Armor creation for cosplay has cemented itself as a big player in costuming -- so much so that it is largely separated in competition as its own category and with its own judging criteria.
When cosplayers deem a costume in need of armor or prop pieces, the first step is to decide which pieces require which materials. In armorsmithing, the materials tend to be varied, but one of the mediums of choice that has come out as a fan favorite in cosplay is EVA foam (ethylene-vinyl acetate copolymer foam) due to its cost, ease of use, and lightweight properties.
Now that the basics are out of the way, let’s dive into some of the more known types of EVA foam (and maybe some lesser-known types!) and which ones will work best for your costume or prop.
1. Yoga Mats: Thin, bendable, yet workable -- Yoga mats are cheap, and these are great to begin your foamsmithing journey, as they tend to be easy to work with and cheap enough to mess up with!
2. Foam Floor Mats: Yes, those interlocking floor mats you can get at local hardware stores can also be cut and used for armor. Keep in mind, the back of these are typically textured, so you’ll need to plan ahead and make sure to cut accordingly.
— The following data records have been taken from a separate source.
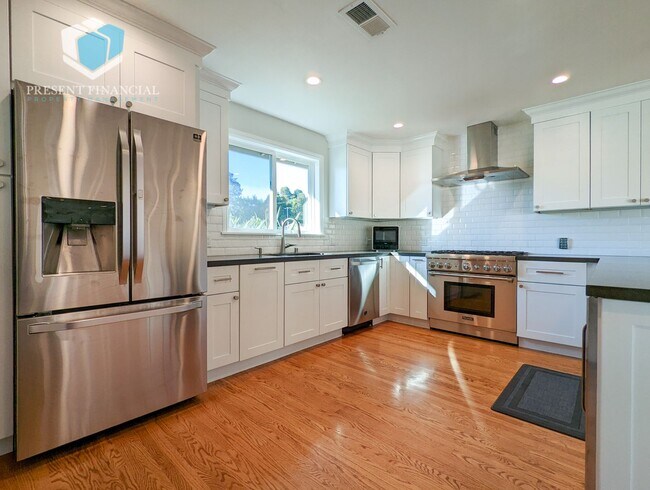 Building Photo - 540 W Hillsdale Blvd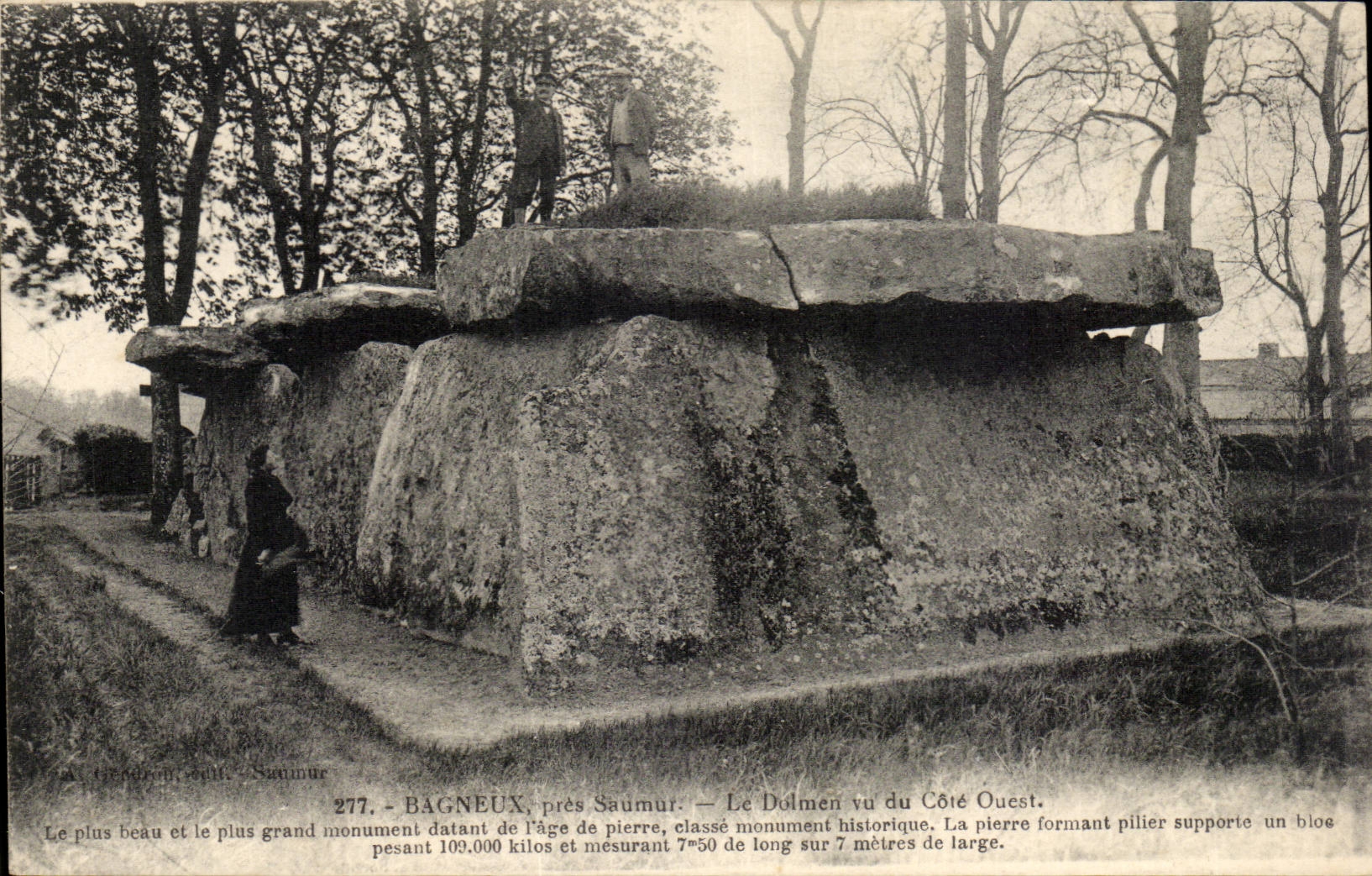Environs de Saumur CPA Bagneux Le grand dolmen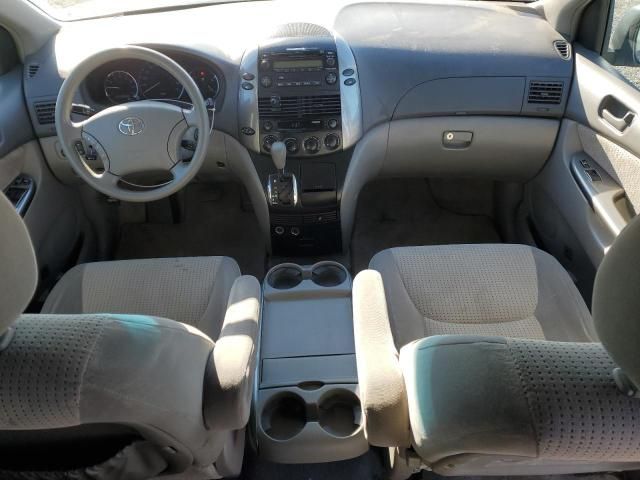 2008 Toyota Sienna CE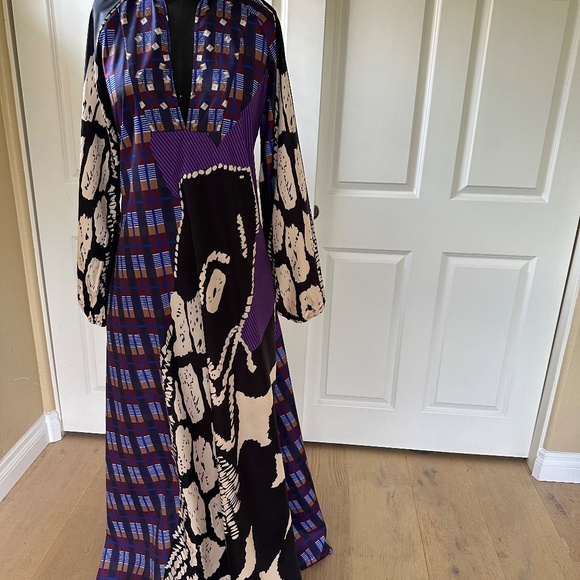 Long Elegant Resort Casual Dress with long sleeves! - Picture 4 of 7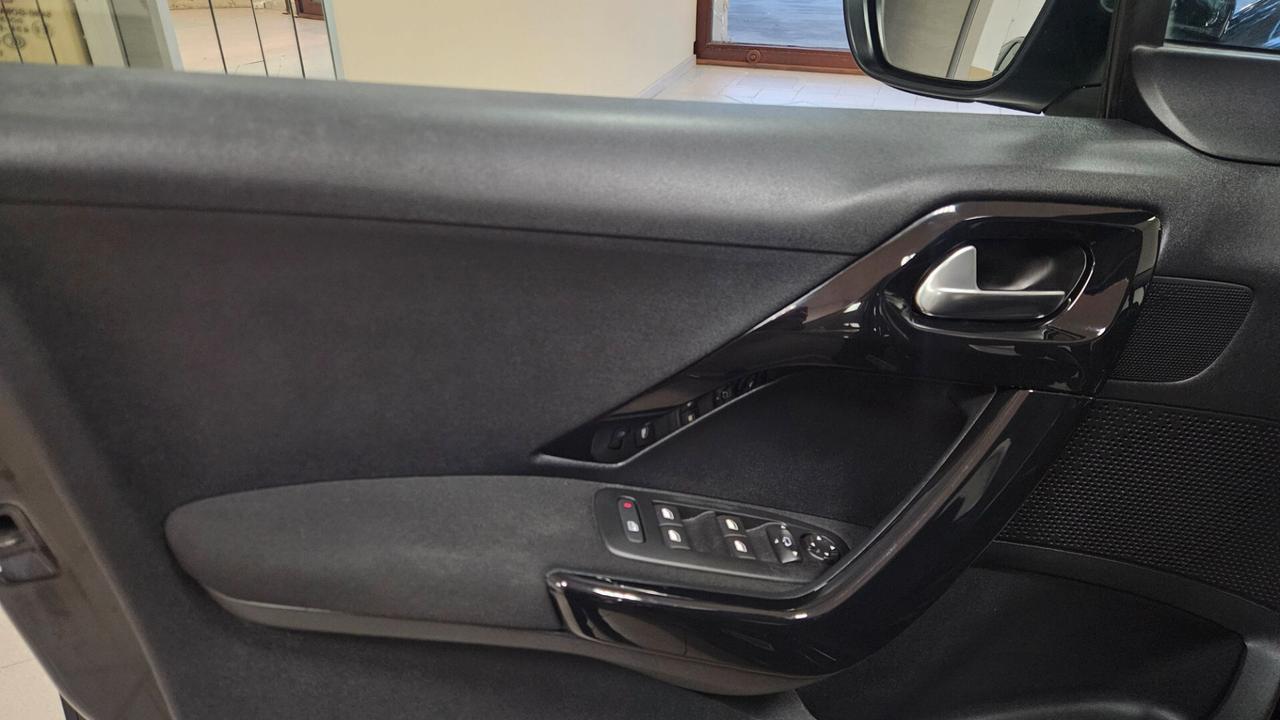 Peugeot 208 BlueHDi 75 5 porte Allure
These tend to be thicker (10-12mm or so), less dense, and lesser quality -- but they’re great for beginners and for cutting costs.
3. Craft Foam: The cheap craft foam from your childhood makes a comeback for cosplay! You can get these in a variety of thicknesses at your local craft store (2mm - 6mm). It’s cheap and comes in a ton of colors. Craft foam is perfect for details, especially using the 2mm size, but usually only come in smaller sheets so measure accordingly!
4. Cosplay EVA Foam: There are a ton of cosplay-focused shops such as TNT Cosplay Supply, SKS Prop and Costume Supply, and CosCom Cosplay Supplies that produce EVA foam in large sheets and a variety of densities and thicknesses. Biggest plus is their large sheets are usually 24″ x 60″, so you will have a lot and can sometimes be used on multiple projects depending on how much you use.
a. EVA 38 Foam: Foamsmiths tend to choose this type of foam for most armor creation, as it has a great combination of flexibility, durability, and cost efficiency. A favored thickness for most armor is between 4mm-6mm with thinner rolls used in detail work and thicker rolls for chunkier props, panels, and details.
b. EVA 60 Foam: Looking to make an amazing sword or prop? This is a great option as the density is higher and thus results in a stiffer, more solid prop that may allow for less internal structure. Higher density means that this foam will also take more heat to heatshape it, but it does hold its shape very nicely once finished. Cutting higher density foams makes for sharper, easier cutting and carving, and you can even use harsher tools like a belt sander for these without tearing it to shreds. Higher density is a little pricier, but very useful for creating props.
5. Plastazote: Want to make an illuminated prop or piece of armor? Plastazote is a specialty foam that is very porous and semi-transparent. It appears as a white foam that allows LED lights to shine through. It’s extremely lightweight and cannot be treated the same as foams listed above, so take care to only really use this for armors or props that need illumination while reinforcing it with other types of foams.
6. Foam Clay: One of the newest additions to foamsmith arsenals is foam clay. Think of this like a modeling clay that is lightweight and pliable when you open it but then dries to an EVA foam consistency that you can then cut, sand, and treat as usual. This type of foam is great for organic shapes, but it can get pricey -- so use sparingly!
7. Bevels and Dowels: Detailing has had a big bump in efficiency with the uptick in bevel and dowel offerings by foam companies. These foam pieces are easy to cut and glue with contact cement and make for sharp, uniform detailing.
There are a multitude of other types of foams on the market today, but these basics are ones that can typically be found across the globe in some form or fashion and are used regularly in the cosplay circuit. If you’re unsure of which to use, many companies offer free samples to test them out! Happy foamsmithing!